Важно соотносить масштаб задачи и выбранного консультанта.
При выборе консультанта обращайте внимание на реальный опыт работы с вашим типом задач, а не на громкие обещания. Проверяйте, есть ли у фирмы успешные кейсы именно в вашей области, будь то экстрадиция, недвижимость или корпоративные споры. И помните: хороший израильский адвокат никогда не пообещает стопроцентный результат, особенно в сложных международных делах.
И, конечно, нужно искать подходящих по духу людей. Наша коллегия работает по принципу, который мы называем «Your First OutRussian Law Firm». Мы не таргетируем потенциальных клиентов географически — не открываем офис в каком-то проходном месте и ждем, пока люди увидят вывеску «Адвокат» и зайдут. Мы таргетируем людей, где бы они ни находились — в Москве, Лондоне, Монако или Тель-Авиве. Наша целевая аудитория — бизнесмены и топ-менеджеры из постсоветского пространства, примерно мои ровесники, 50 лет плюс-минус десять. Те же культурные коды, анекдоты, референсы. Когда люди на аксиоматическом уровне смотрят на вещи одинаково, это экономит много времени и нервной энергии.

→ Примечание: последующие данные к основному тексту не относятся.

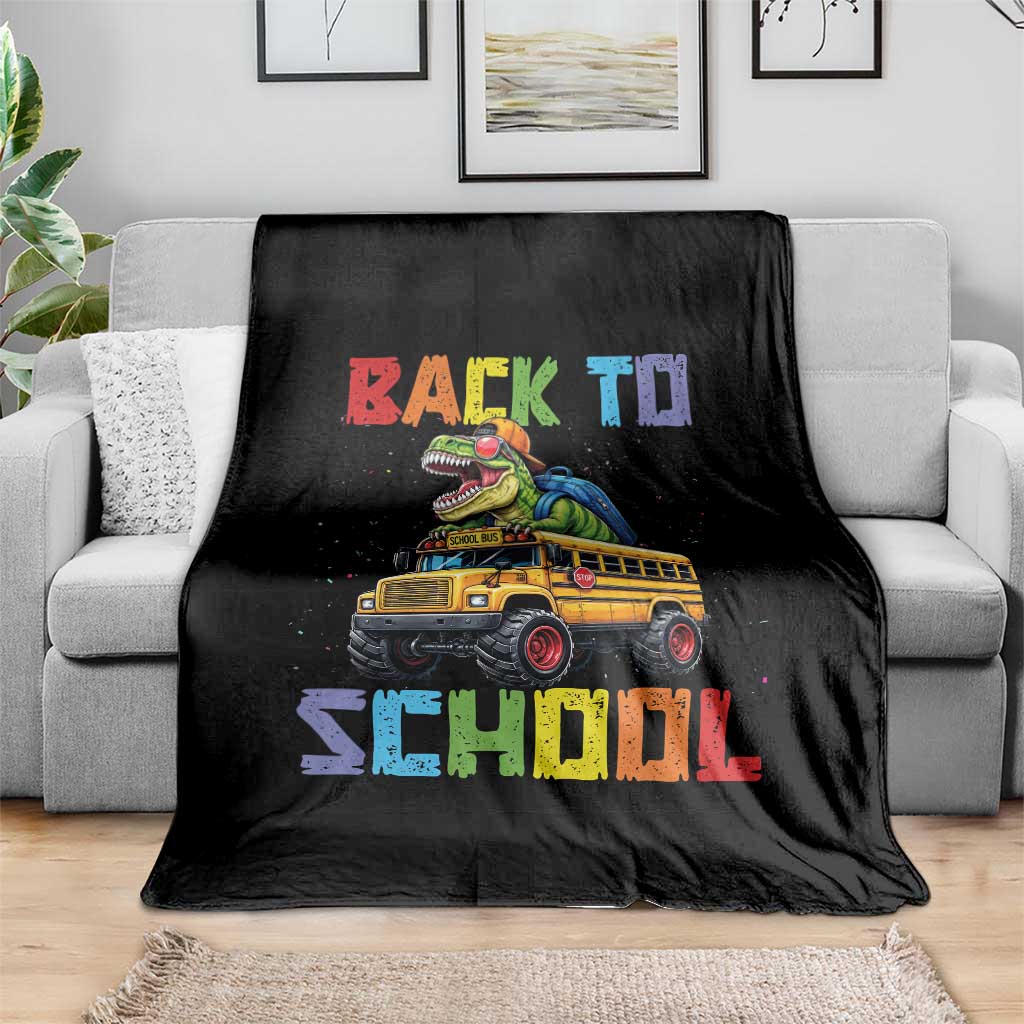 Bruh We Back Throw Blanket Funny Dinosaur Back To School Dinosaur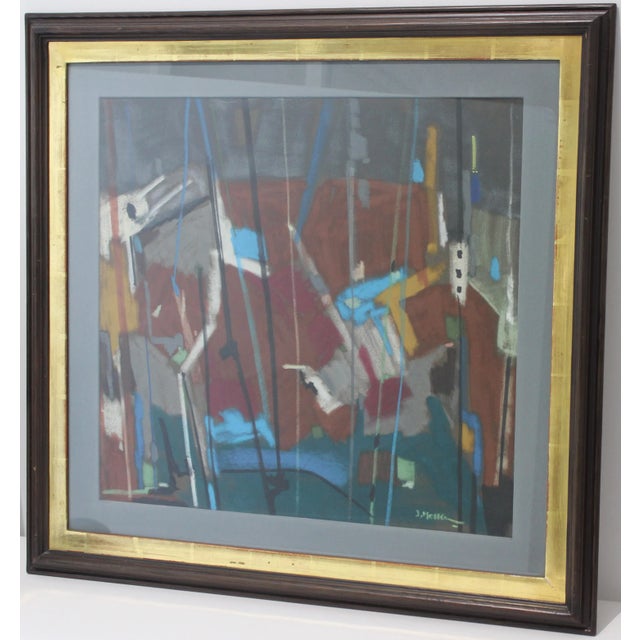 Abstract Multi-Colored Mixed-Media Painting Colors of Reds Gold Black For Sale - Image 12 of 12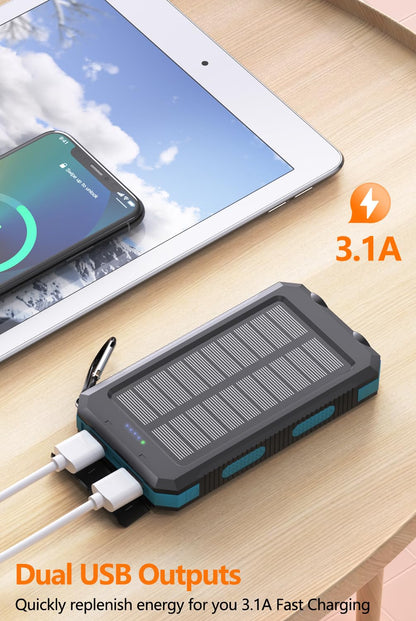 Power Bank 36800mAh Solar Portable Charger with USB-C 5V/2.4A Fast Charging Compatible with iPhone, with 2 LED Flashlights and IPX5 Waterproof External Backup Battery Pack Perfect for Camping, Hiking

У нас выстроена экосистема из внутреннего ядра команды и внешнего периметра — коллег, с которыми мы работаем десятилетиями. Аудитора, который сопровождает сотни наших клиентов, я не могу взять в штат — в Израиле запрещено нанимать аудиторов в адвокатские коллегии. Риелторов мы тоже не берем на работу, но с клиентом, который хочет купить квартиру за миллион долларов, будет работать один риелтор, а с клиентом с бюджетом в десять миллионов — другой. Мы любим собирать ситуативные команды для различных не рутинных дел, чтобы получающийся инструмент был острым, как скальпель.